Darcey told the Institute of Economic Affairs Sky might cut back on its investment in UK original production, including drama and arts programming, if it is forced by Ofcom into wholesale deals with other pay-TV operators for its premium sport and movie channels. He argued that the era of reliance on advertiser funding by commercial PSBs ITV, Channel 4 and Channel Five’s main source or revenue, is over in a digital world.
He claimed the reason "much of the commercial broadcasting sector has failed to move on. The reason is deeply rooted in the culture of the public service broadcasting system which binds the broadcasters together with those responsible for UK broadcasting policy.”
“In this complex system of privileges and obligations, the fortunes of the terrestrial broadcasters have been reliant on winning the support of regulators and politicians. The consequence is a culture of dependency which shapes the mindset and strategies of the licensed broadcasters.”
Darcey argued that Lord Carter’s Digital Britain report is the latest example of how, to be successful, the PSBs have to persuade policy-makers that they are vital to achieving public policy goals.”It remains the case that UK broadcasting policy is geared almost exclusively around the free model. So it is no coincidence that the attitudes of the commercial PSBs should be so closely aligned with those of the people who can make or break their businesses. The focus of policymakers on advertising as the core means of funding public service content beyond the BBC has remained unshakeable despite the evidence of the sustained challenges facing the terrestrial broadcasters.”

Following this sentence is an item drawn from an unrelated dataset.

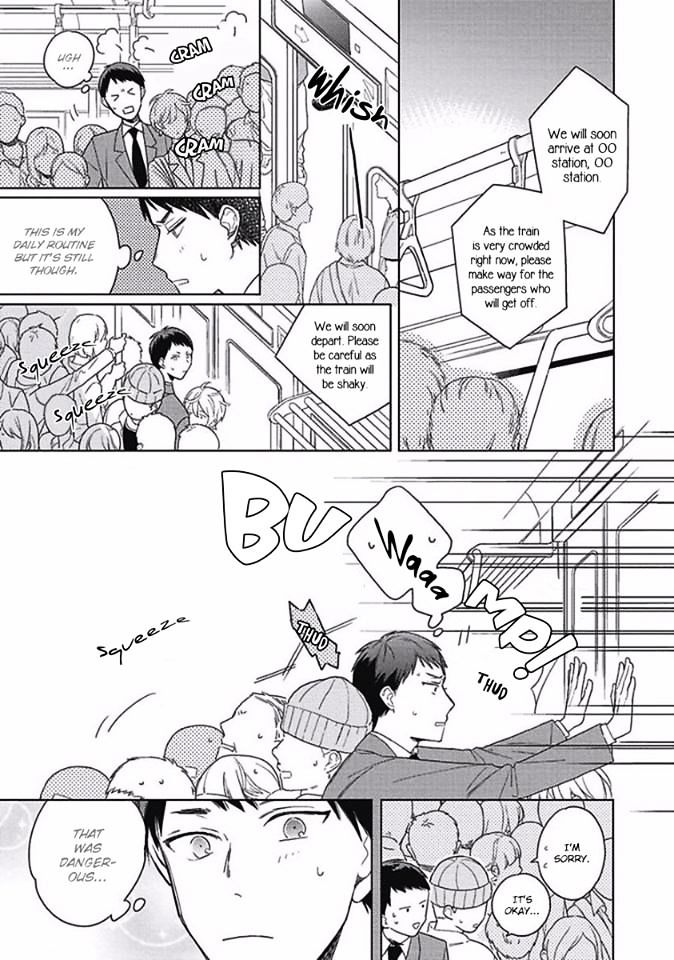 Eki kin Mahou Tsukai Tsuki Ikkodate Chapter 5 page 3 - Chapter 5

Darcey hit out at Ofcom’s proposal to force Sky to wholesale its premium sport and movie channels to rivals at a potential 30% discount. He said BSkyB, which has threatened to launch legal action if the proposals become reality, would have to look at cutting back programming investment across the board. “One of the many things that is remarkable about the proposals is the ease with which Ofcom feels able to undermine incentives for continued investment in high-quality content,” he added.